The first time you authenticate you will also need to set your GCP project ID with the command:
gcloud config set project PROJECT_ID
where you fill in your actual project ID (which you might find using the
gcloud projects list
command after authenticating first as outlined above).
These settings are are saved in your home folder, thus the authentication will be valid for all servers that you start until the session expiry.
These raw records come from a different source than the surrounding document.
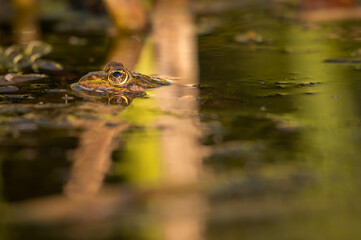 One pool frog is swimming in water. Pelophylax lessonae in the vegetation area. European frog.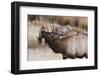 USA, Colorado, Estes Park, Rocky Mountain NP, Bull Elk or Wapiti-Frank Zurey-Framed Photographic Print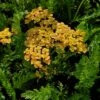 Schafgarbe (Achillea Millefolium) Milly Rock Yellow Terracotta -LICHTNELKE Geschäft achillea millefolium schafgarbe milly rock yellow terracotta lichtnelke ii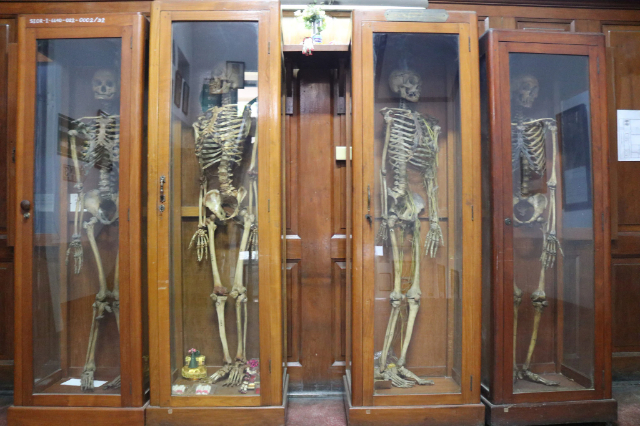 Medizinisches Museum Siriraj Bangkok, Thailand - Bangkok | Secret World Trip Planner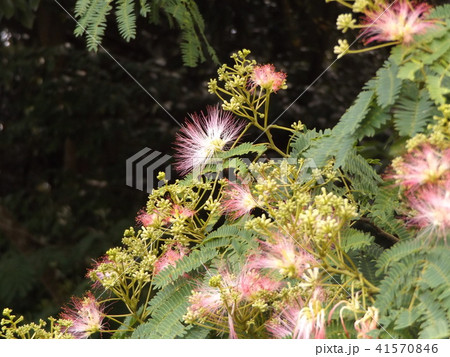 ネムノキの花の写真が撮れました 41570846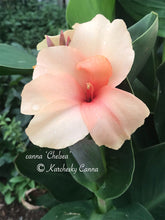 Load image into Gallery viewer, canna &#39;Chelsea&#39;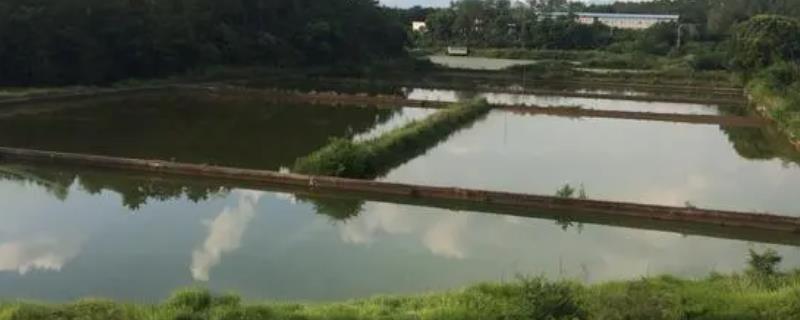 鱼塘的水怎么保持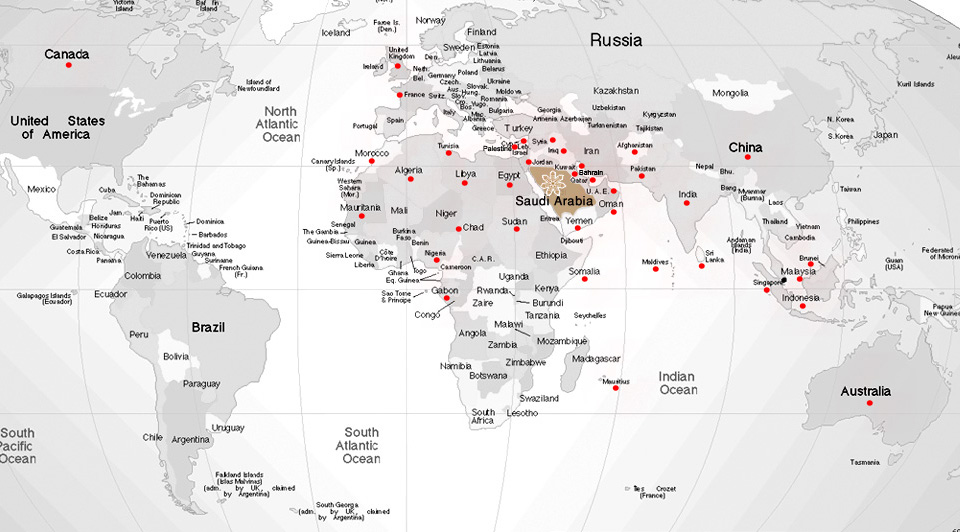 Distributors Network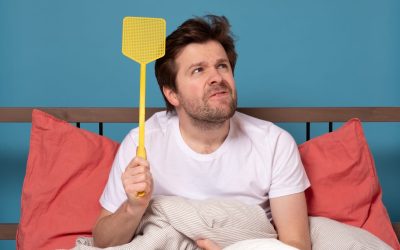 Vliegen in je huis, daar wil je zo snel mogelijk van af!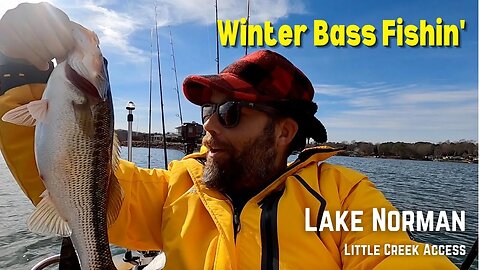 Winter Time Bass Fishing - Deep Water Cranking - Lake Norman - Little Creek Access Area - Denver, NC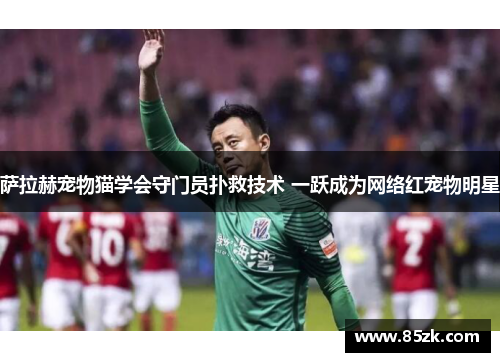 萨拉赫宠物猫学会守门员扑救技术 一跃成为网络红宠物明星 萨拉赫宠物猫学会守门员扑救技术 一跃成为网络红宠物明星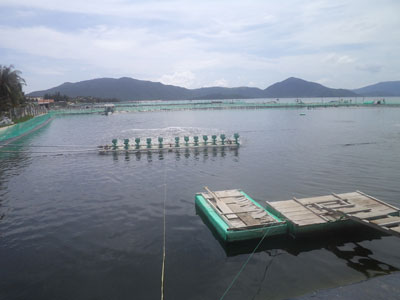 Nuôi tôm trên cát: Ẩn họa khó lường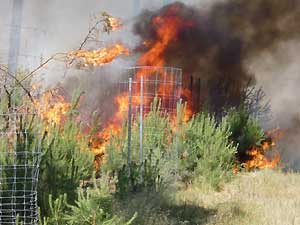 Waldbrand in einer Kiefernkultur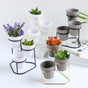 Planter Set of 3 - Indoor plant pots and flower pots | Home decoration items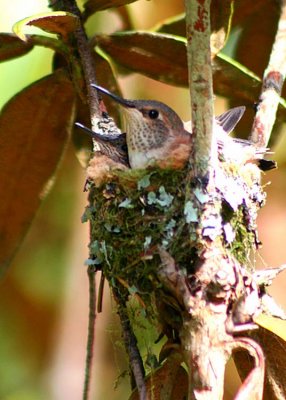 Hummingbird Babies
You will likely have to reauthenticate with the first command above on a regular basis (at least once each day).
This access should work for both scripts and notebooks, without setting any extra environment variable.
Accessing BigQuery from Python¶
Accessing BigQuery through the Google’s BigQuery client library is achieved like this:
from google.cloud import bigquery
client = bigquery.Client()
query = "SELECT * FROM `bigquery-public-data.london_bicycles.cycle_hire` LIMIT 10"
df = client.query(query).result().to_dataframe()
This returns the result of the query as a Pandas DataFrame.
To be able to access data with the .to_dataframe()
method, the service
account or user needs the BigQuery Read Session User
role as well.
Refer to the BigQuery documentation for other examples.
An alternative way is accessing the data directly using Pandas:
import pandas
query = "SELECT * FROM `bigquery-public-data.london_bicycles.cycle_hire` LIMIT 10"
# Run a Standard SQL query using the environment's default project
df = pandas.read_gbq(sql, dialect='standard')
This doesn’t require any extra access role beyond the minimum, but might be slower than Google’s BigQuery client library, especially on large requests or datasets.